“Green economy” in Sardegna: attenti all’inganno

Green economy, energia sostenibile, fonti rinnovabili: formule che nell’immaginario comune evocano un mondo pulito e in sintonia con la natura. Ma siamo sicuri che queste parole siano realmente “verdi” e non servano invece a mascherare interventi devastanti per la nostra salute e il nostro territorio? Se lo chiede il collettivo cagliaritano Carraxu che ha dato il via alla rassegna “L’Inganno Verde” sulla speculazione energetica in Sardegna: cinque appuntamenti dedicati a diversi temi, dalla chimica all’eolico, dal gas al fotovoltaico, in cui esperti del settore e comitati locali ci racconteranno gli inganni legati allo sfruttamento dell’ambiente.

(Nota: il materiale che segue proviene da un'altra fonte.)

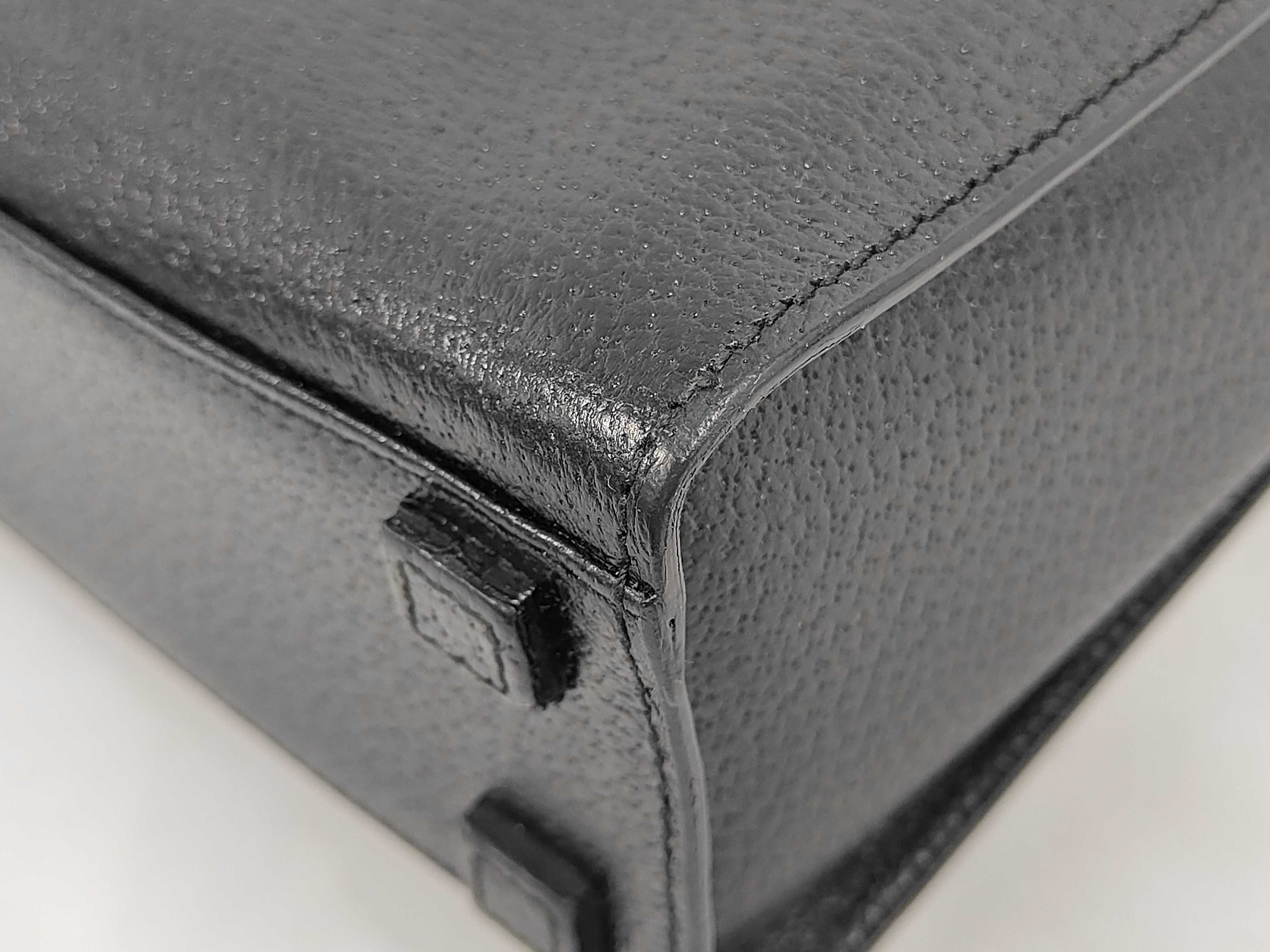 handbag — view 4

Nel primo incontro (che si è tenuto a Cagliari nella sede dell’associazione “Don Chisciotte”), si è parlato di chimica verde e centrali a biomasse: ovvero il binomio agricoltura/industria che, dietro affascinanti slogan, si traduce con “sfruttamento delle zone agricole e inquinamento”.

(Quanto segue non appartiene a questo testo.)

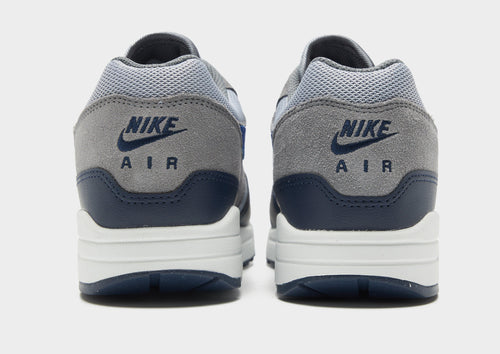 Air Max 1 Essential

Nel Nord Sardegna la speculazione “green” si chiama Chimica Verde: il progetto, presentato qualche mese fa da Eni e Novamont come uno dei poli industriali di chimica verde più innovativi al mondo, sarà avviato a Porto Torres entro il 2013. Tra parentesi, a firmare il disegno c’è Paolo Scaroni, amministratore delegato della ENI da poco indagato per corruzione internazionale.

Ma a Porto Torres c’è chi dice no a un intervento che – è questo il timore di quanti si oppongono al progetto – distruggerà un territorio già compromesso da cinquant’anni di scorie e inquinamento: “Porto Torres ha già pagato un prezzo altissimo in termini ambientali e di salute”, hanno sottolineato i rappresentanti del comitato turritano “No Chimica Verde”. “Nel nostro caso non c’è la scelta tra lavoro e salute come a Taranto, dato che al massimo si daranno cinquecento posti di lavoro, a fronte dei ventiduemila disoccupati della zona. E’ sicuramente più realistico lottare perché questi luoghi ridiventino vivibili. Porto Torres è una delle porte della Sardegna sul Mediterraneo e avrebbe un mondo davanti se le scelte del passato non l’avessero annichilita e sottomessa sempre più agli interessi più o meno confessabili di Sassari. Ma è ora di finirla”.

Istanze condivise anche nel Sud dell’isola a proposito della centrale a BioGas di Decimoputzu, che è in costruzione: la Regione ha firmato l’autorizzazione per la “Società Agricola Agrifera” di Milano che gestirà la centrale alimentata da biomasse, con buona pace dei cittadini che avranno a che fare con miasmi e inquinamento dell’aria e della terra.

E la legge italiana sembra non essere dalla parte dei cittadini: la normativa ambientale mette insieme diversi materiali come plastica, legno, carta, residui naturali sotto la stessa etichetta di “biodegradabile o assimilato”, così che le fabbriche possono bruciare qualunque cosa e immettere gas e scarichi nell’aria.

Dietro permessi e licenze non ci sono solo interessi di mercato ma contributi finanziari: la Saras, ad esempio, riceve ogni anno oltre un miliardo di incentivi per l’energia che produce, con le nefaste conseguenze sull’ambiente che stanno sotto gli occhi di tutti. E la Sardegna, rispetto al resto dell’Italia, è fortemente penalizzata, come ricorda Vincenzo Migaleddu della Associazione Medici per l’Ambiente: “Si può morire di Saras? Il tasso di mortalità indicizzato per abitanti è maggiore rispetto a quello che è la condizione del resto della penisola. In Italia un abitante su dieci vive in un sito d’interesse Nazionale, in Sardegna uno su tre»

Gli incontri della rassegna “L’inganno verde” proseguiranno fino ad aprile: venerdì 15 marzo l’argomento sarà il fotovoltaico, il 25 marzo spazio alla discussione sul contestatissimo progetto GALSI, mentre in chiusura, il 5 aprile, si parlerà di centrali eoliche.